これらの文書からは、江戸から明治期に渡船業務の営業権が個人にあっても、その業務の公共性をわきまえ、安全円滑な運航に努めていたことがわかります。
【明治44年豊洲村地図】
【渡船業務譲渡証】
千曲川の渡船業務について、明治15年1月31日上水内郡長沼大町(現長野市長沼)の金井庄吉と金井勇治郎から、相之島村の中島茂作と小日向助作にその業務を譲渡されたことを証明する文書です。
1 渡船業務は昔から長沼大町が携わってきたこと。
2 今般相之島の両人が雇い人(船頭)の便宜を図り、機械運転による渡船業務をするとのことで示談が行き届き譲り渡すこと。
3 洪水等により川瀬が変換し渡船場の位置を変更する必要が生じた場合は、その地籍役場(相之島役場)と協議して随意変更されても何ら異議は申さないこと。
なお、この渡船業務状の内容に相違ないことを長沼大町戸長が保証しています。
【渡船営業引受確書】
明治15年2月31日、千曲川通長沼渡船場の船守(船主)から営業業務を譲り受けた相之島村の中島茂作と小日向助作は次のような確約書を長沼大町の旧栗田町宛に差し出しています。
1 長沼渡船場が在昔以来、往来の衆人通路に差支えのないよう渡船業務を営んでこられたことをわきまえ、今後とも事故や停滞のないよう心して渡船業務を進めること。
2 そのためこの度は「新発明器械」を導入し、公人私人の通行に差支えの無いように努めること。
なお、川瀬が変わり当器械使用に不便が生じた場合には、従来の渡船方式を用いるが、決して通行人は勿論、これまでの営業者にも迷惑をかけないように努める。

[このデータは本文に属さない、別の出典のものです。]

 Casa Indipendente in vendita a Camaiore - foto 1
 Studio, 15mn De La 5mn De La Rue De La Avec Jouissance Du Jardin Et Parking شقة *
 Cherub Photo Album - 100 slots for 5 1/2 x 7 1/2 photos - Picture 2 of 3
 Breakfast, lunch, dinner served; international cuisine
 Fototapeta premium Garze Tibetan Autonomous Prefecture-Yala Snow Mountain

3 また、機械弁理のための普請などでは、長沼側岸を損ずることのないよう十分注意して工事をする。
【新発明機械】
長沼船頭の渡し船時代は、櫓をこいで千曲川を横切り、船頭の苦労は大変でした。
明治15年、相之島の中島茂作らが渡船業務を譲り受けてからは「新発明の機械」が登場します。
渡船業務引受確書の文面及び1983年まで運行された飯山市七ケ巻の渡船、小布施百話に見る渡船の仕組みから当時の「新発明の機械」が想像されます。
【約定証券】
渡船業務権の譲渡を受けた14か月後の明治16年3月、中島茂作は長沼大町の林清作(長沼村第2代村長)と船橋起業を請負い、その約定書をそれぞれの戸長役場へ差し出しています。

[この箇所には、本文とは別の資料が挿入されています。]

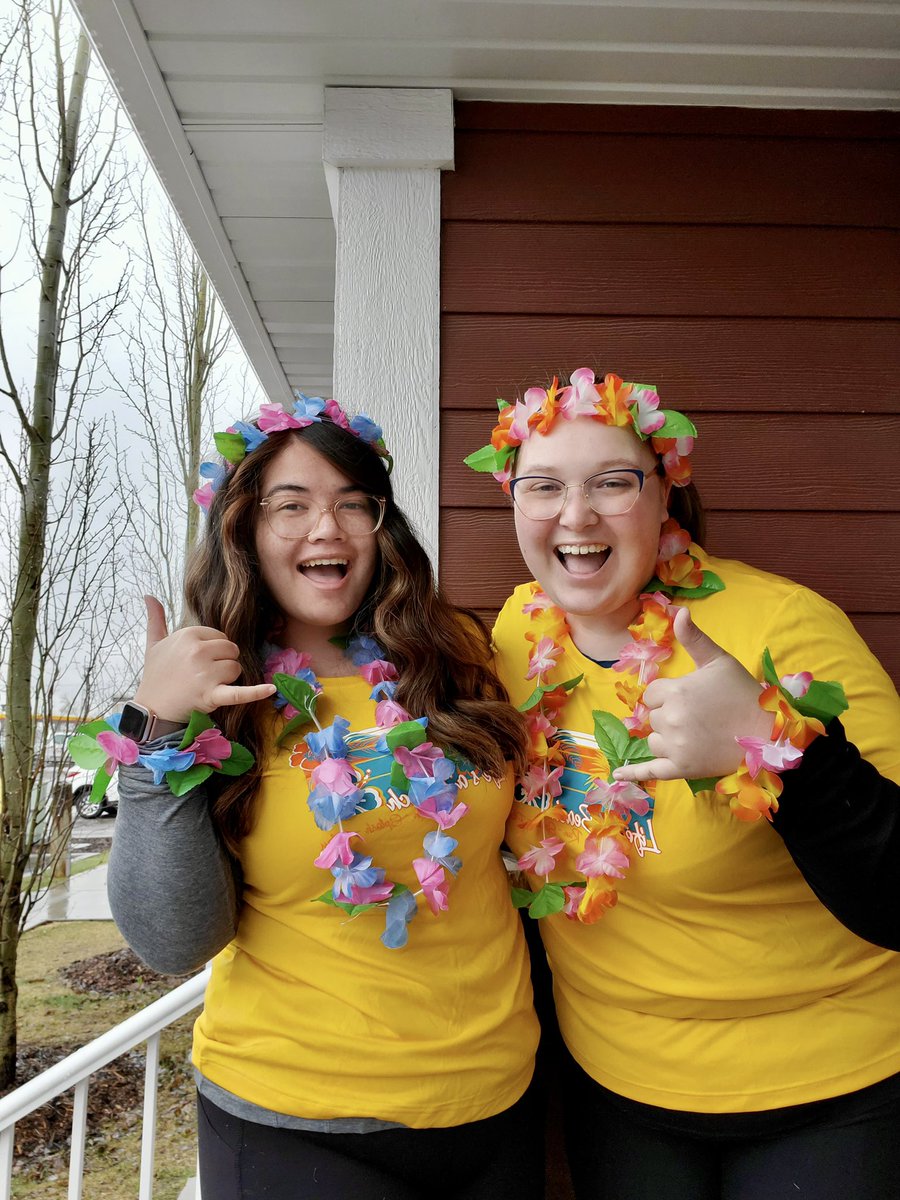 MlleSheppard's tweet photo. The twinnypops strike again! Even though we got totally soaked, we had a blast participating in the Womenβs Fun Run today! @MsJenniferRalph #rdcrswellness #womensfunrun #Aloha https://t.co/FDkQHxpaxf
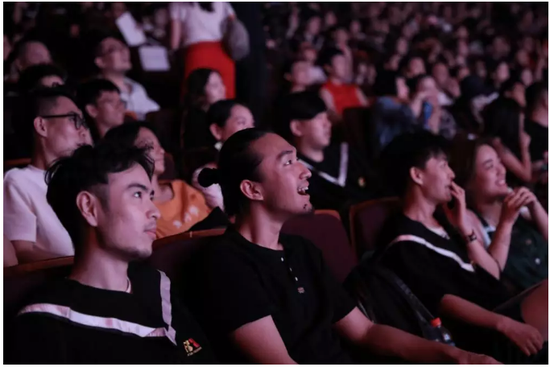 北京电影学院毕业_北京电影学院2018届毕业典礼_毕业生代表向基层服务者赠送感恩礼物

1 洪水などにより川瀬が変替(へんが)となり船橋位置の移動を要する時には、長沼と相之島両戸長に申し出、その指示に従うこと。
2 馬や籠などにはよらず、歩いて渉るものは無料とすること。
3 各自用物を持ち運ぶものはすべて無料とする。ただし大持ち物では気持ち程度の寸志を貰い、額の多少は問わないこと。
4 商用荷や駄賃稼ぎの荷物は、荷主の自他に関わらず橋銭を受け取る。
5 出水の節、当番が危険と判断し通行止めの措置を取った場合には、なるべく荷物にゆとりをもって運ぶようにされたい。
これらの約定について違背があったら、当日の会所番は如何様の督責もお受けします。